Many who worked in rescue avoided seniors because it was so hard to find them homes, Mahon said, leaving them to languish in shelters or be euthanized solely because of their age.
“The Internet, and specifically Facebook, has saved so many lives,” she said. “You share a dog, then your friends share the dog, then their friends share the dog. So there is the potential for tens of thousands of people, or even more, to see that dog.” And as happened with Sidella, you never know when someone with see a dog’s face and decide they have to have them.
Such was the case five years ago, when a Nebraska man saw a picture of an older black pitbull mix that had been at Hamden Animal Control for almost a year and was on the verge of being put to sleep. After Charlie Cifarelli saw the post, he drove the 2,000 miles to Hamden to pick up the dog, named Sadie, and bring her home.

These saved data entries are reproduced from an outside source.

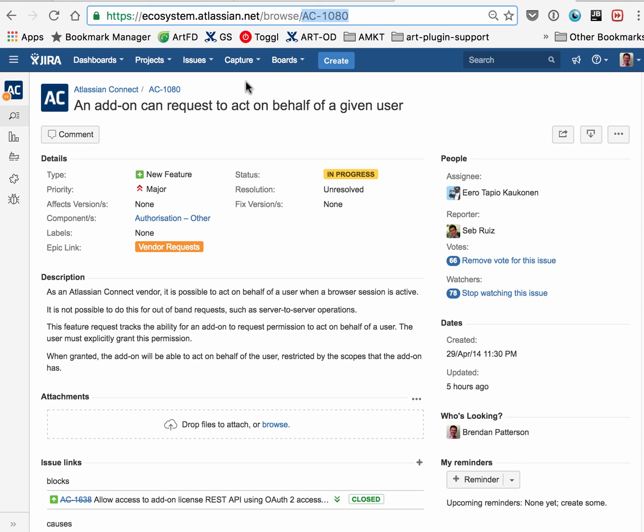Please vote for AC-1080 on ecosystem.atlassian.net—you might have to create an account. Thanks so much.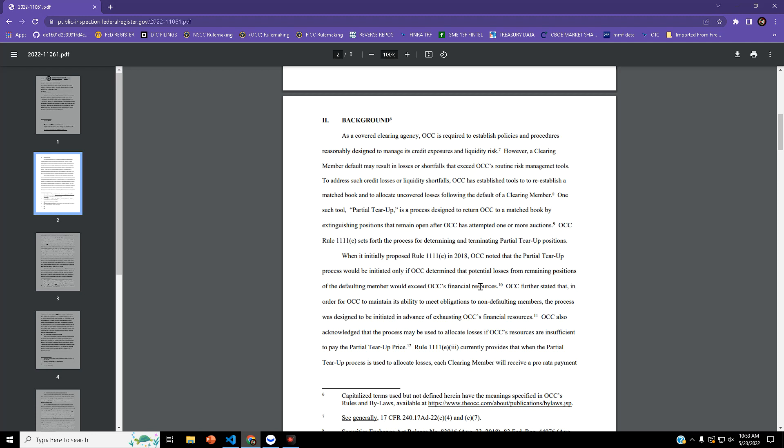One such tool is the partial tear-up, a process designed to return OCC to a matched book by extinguishing positions that remain open after OCC has attempted one or more auctions.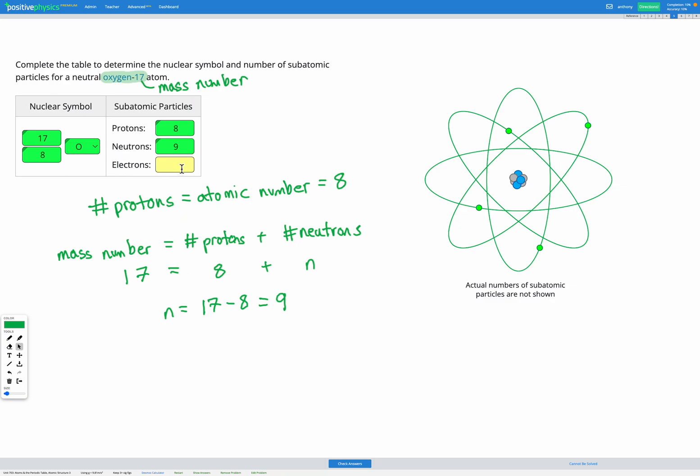So we've got eight protons, nine neutrons, finally the electrons. Since it's a neutral atom we know the protons and electrons have to be the same so that they can balance out each other's charge. So it's going to be eight as well for the electrons.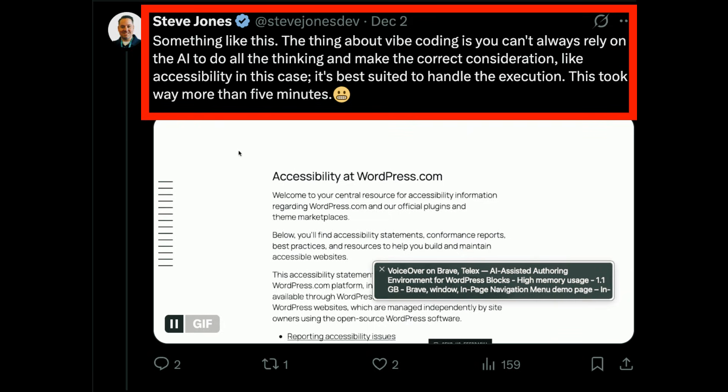Then Amber's colleague Steve chirped up: 'The thing about vibe coding is you can't always rely on the AI to do all the thinking and make the correct considerations, like accessibility. In this case it's best suited to handle the execution.' This took way more than five minutes. So I came up with the original idea, Andre put it through Telex, Amber identified problems, and Steve remixed it and improved it. This is why I think Telex is so profound — it lets you take what others have done and remix and customize it to exactly what you want.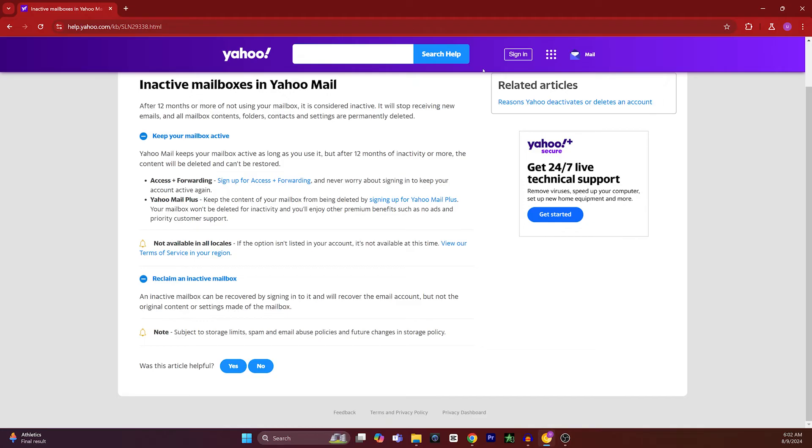So if your mailbox is already inactive, you can also reclaim it. An inactive mailbox can be recovered by signing into it and will recover the email account, but the original content or settings of the mailbox will not be recovered.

“In animal rescue, networking is everything,” Mahon said. “The Internet has provided that ability and it’s been amazing.”
Because of illness, she hasn’t been able to work much for the last year, Mahon said, but before that was online “constantly” networking homeless dogs.
“At first there was Petfinder,” she said, referring to the pet adoption site. “Then with Facebook, it exploded. It not only made it easier to find homes for dogs, but also to raise money for rescues.”
It’s also provided a wide audience for organizations that specialize specifically in finding homes for senior dogs and cats, Mahon said, citing the page Susie’s Senior Dogs, one of the best known senior dog rescues that was started by Brandon Stanton, of the blog Humans of New York.
Gina Queiroga said she was surprised to see the response she got to Charlie’s posting.
Now, she and her husband are looking for a home for Storm, a mixed female who was dumped pregnant in a high-kill Texas shelter and delivered her puppies there.
“They became urgent the minute they were born because pregnant moms or moms with puppies get euthanized faster than a single dog,” she said, “because they don’t want to deal with the hassle of puppies.”
She and her husband saw an online post for Storm and the couple, teaming up with the Hamden rescue Where the Love Is, decided to make the 58-hour round-trip to Texas to rescue the dogs. Storm was covered in ticks and emaciated, Gina Queiroga said, so their first stop was at the vet, then at a groomer.
Since then Storm’s pups have all found homes, but Storm is still waiting for her happy ending, Queiroga said.
“She was the best mom, so attentive and loving to her babies, and she was so sweet with us, you can tell she just wanted someone to help her,” she said. “We know she was definitely someone’s dog at some point because she is housebroken and she knows how to sit. We think she was dumped once she became pregnant. She is an absolute sweetheart and loves being with you.”